### [Work task]
Return, exactly and in full, the lines of the records below starting at the one with "Virtually identical to" and ending at the one with "会見をするアイスランド代表　アルナル・グンラウグソン監督（撮影・中田匡峻）", and no other lines.

### [Supplied entries]
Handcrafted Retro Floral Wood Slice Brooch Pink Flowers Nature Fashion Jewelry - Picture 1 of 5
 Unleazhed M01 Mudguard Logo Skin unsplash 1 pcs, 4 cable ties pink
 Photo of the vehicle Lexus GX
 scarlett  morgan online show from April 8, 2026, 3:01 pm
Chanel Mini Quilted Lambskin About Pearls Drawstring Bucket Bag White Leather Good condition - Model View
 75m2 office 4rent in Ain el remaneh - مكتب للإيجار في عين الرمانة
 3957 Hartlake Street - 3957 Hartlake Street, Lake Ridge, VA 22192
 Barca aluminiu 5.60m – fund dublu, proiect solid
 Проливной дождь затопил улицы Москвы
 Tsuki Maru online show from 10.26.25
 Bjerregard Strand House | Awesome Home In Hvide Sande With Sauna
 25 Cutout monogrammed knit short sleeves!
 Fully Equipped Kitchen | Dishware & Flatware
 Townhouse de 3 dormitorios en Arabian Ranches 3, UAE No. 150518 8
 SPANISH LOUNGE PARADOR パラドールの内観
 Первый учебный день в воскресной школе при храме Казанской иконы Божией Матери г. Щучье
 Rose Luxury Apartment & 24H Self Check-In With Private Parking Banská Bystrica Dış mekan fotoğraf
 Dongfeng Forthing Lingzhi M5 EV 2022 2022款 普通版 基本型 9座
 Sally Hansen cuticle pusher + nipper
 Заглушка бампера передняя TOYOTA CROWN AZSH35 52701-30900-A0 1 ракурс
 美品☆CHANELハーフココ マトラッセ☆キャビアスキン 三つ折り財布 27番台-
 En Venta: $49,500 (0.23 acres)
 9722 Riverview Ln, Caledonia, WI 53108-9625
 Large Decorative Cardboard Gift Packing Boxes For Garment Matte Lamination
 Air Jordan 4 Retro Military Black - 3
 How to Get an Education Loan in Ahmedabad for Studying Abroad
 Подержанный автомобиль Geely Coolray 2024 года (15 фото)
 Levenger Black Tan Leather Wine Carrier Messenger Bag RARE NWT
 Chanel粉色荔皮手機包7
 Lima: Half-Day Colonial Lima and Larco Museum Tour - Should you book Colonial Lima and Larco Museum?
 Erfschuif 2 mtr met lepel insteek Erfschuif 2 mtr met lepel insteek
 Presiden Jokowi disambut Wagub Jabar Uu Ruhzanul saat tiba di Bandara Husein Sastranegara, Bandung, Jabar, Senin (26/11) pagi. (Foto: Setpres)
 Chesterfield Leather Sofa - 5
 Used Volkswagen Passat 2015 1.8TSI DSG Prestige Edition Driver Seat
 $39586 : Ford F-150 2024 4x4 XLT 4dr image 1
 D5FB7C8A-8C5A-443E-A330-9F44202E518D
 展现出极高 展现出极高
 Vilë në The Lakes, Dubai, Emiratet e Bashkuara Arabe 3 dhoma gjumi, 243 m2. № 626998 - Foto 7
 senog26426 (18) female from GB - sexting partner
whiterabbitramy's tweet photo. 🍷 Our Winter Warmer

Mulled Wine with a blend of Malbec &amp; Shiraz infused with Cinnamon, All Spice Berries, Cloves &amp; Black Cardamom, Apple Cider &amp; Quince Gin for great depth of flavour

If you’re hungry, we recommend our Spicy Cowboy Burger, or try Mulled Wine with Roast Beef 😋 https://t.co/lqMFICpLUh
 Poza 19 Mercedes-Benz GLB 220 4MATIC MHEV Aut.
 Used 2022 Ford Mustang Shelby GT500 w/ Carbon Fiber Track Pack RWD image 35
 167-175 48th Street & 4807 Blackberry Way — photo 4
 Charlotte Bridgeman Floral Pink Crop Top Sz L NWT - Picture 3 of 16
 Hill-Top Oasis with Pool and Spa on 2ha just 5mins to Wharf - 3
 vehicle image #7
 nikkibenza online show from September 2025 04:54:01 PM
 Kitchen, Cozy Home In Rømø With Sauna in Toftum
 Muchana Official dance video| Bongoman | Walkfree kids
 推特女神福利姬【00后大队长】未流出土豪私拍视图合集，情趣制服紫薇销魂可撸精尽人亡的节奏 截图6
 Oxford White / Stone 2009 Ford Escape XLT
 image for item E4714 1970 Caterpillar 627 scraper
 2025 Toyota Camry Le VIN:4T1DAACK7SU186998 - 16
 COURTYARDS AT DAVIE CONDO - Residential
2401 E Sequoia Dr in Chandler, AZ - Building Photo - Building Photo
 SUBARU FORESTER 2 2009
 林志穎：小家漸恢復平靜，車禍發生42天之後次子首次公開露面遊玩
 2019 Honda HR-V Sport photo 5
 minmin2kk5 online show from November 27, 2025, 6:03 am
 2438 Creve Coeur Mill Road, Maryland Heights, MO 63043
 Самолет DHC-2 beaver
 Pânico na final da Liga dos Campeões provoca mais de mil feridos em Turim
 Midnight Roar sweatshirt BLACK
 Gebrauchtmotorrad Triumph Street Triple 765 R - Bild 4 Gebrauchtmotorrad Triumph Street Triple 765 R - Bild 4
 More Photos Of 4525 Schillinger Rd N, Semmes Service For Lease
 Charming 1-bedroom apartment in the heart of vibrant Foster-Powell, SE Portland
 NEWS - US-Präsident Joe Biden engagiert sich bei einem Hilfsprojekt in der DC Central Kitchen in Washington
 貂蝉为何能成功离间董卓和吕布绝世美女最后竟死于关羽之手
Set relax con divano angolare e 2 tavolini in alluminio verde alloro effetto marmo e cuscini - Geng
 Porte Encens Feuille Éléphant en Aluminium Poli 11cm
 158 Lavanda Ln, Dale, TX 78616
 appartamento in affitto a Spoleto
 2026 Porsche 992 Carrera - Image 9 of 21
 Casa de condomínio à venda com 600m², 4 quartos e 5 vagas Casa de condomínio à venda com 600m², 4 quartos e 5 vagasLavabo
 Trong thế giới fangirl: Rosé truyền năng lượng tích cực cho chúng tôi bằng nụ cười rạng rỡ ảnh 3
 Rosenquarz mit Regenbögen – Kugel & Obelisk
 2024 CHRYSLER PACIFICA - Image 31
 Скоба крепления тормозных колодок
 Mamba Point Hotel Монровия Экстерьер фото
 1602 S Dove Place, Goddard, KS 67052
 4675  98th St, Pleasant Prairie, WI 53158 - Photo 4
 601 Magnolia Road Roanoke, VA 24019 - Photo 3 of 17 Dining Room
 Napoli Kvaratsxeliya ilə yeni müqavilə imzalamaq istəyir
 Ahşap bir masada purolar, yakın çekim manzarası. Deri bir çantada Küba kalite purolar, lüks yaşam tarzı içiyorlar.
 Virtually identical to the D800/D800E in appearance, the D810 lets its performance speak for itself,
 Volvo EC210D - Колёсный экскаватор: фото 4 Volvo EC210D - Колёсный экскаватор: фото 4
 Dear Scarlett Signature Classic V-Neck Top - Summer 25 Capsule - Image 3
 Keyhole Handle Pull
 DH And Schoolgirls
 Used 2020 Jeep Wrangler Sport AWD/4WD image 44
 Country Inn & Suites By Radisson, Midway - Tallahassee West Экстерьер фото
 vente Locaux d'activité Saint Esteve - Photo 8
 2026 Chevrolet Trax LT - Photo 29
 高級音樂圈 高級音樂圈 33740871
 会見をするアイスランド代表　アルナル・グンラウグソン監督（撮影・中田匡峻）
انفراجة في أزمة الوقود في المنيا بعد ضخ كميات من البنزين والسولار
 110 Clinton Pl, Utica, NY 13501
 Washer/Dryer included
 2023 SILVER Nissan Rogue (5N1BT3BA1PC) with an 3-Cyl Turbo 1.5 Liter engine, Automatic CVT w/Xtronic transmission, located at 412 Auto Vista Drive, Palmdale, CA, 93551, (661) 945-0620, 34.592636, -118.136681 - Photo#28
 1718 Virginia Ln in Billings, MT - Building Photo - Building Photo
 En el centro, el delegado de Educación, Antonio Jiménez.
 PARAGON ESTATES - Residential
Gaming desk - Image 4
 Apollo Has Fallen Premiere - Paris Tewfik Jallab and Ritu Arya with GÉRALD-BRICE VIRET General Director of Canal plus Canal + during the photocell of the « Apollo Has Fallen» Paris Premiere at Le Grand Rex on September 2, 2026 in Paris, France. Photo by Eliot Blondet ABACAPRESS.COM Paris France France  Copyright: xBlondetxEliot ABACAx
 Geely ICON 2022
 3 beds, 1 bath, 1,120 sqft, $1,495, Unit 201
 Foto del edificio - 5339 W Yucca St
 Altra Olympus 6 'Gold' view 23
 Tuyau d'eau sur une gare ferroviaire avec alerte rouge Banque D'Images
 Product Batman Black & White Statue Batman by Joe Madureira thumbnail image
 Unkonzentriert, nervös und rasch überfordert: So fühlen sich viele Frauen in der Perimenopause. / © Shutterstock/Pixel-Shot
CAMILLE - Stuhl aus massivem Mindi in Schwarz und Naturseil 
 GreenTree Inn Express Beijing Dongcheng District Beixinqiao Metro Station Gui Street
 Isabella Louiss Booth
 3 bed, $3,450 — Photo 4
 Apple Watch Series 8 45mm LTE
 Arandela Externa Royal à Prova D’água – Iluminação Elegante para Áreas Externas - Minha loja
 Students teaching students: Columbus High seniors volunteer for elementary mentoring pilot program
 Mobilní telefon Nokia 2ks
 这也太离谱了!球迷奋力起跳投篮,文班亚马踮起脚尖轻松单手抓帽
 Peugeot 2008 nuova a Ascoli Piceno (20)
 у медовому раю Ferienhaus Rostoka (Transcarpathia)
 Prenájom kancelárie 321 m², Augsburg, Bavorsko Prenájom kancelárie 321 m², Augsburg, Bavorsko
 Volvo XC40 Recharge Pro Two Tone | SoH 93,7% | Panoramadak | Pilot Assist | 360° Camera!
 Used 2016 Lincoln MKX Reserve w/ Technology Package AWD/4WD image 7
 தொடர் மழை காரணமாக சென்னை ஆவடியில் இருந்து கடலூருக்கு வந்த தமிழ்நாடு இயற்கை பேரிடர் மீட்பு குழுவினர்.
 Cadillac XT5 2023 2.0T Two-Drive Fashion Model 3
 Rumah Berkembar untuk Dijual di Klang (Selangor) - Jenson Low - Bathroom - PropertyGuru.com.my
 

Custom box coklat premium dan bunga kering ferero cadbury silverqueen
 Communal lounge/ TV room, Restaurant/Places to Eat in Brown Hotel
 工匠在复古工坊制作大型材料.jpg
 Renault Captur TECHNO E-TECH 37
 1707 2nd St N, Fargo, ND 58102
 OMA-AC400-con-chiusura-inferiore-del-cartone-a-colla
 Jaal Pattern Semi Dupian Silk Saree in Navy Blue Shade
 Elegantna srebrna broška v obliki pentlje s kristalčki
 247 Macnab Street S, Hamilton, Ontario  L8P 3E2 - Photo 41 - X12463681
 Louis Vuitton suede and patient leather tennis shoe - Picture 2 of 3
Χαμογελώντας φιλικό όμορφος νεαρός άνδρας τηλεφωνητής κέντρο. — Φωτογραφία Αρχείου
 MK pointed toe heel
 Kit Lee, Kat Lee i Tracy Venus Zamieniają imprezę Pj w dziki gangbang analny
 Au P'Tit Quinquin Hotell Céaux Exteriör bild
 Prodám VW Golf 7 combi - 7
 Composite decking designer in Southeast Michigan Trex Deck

### [Task result]
 Virtually identical to the D800/D800E in appearance, the D810 lets its performance speak for itself,
 Volvo EC210D - Колёсный экскаватор: фото 4 Volvo EC210D - Колёсный экскаватор: фото 4
 Dear Scarlett Signature Classic V-Neck Top - Summer 25 Capsule - Image 3
 Keyhole Handle Pull
 DH And Schoolgirls
 Used 2020 Jeep Wrangler Sport AWD/4WD image 44
 Country Inn & Suites By Radisson, Midway - Tallahassee West Экстерьер фото
 vente Locaux d'activité Saint Esteve - Photo 8
 2026 Chevrolet Trax LT - Photo 29
 高級音樂圈 高級音樂圈 33740871
 会見をするアイスランド代表　アルナル・グンラウグソン監督（撮影・中田匡峻）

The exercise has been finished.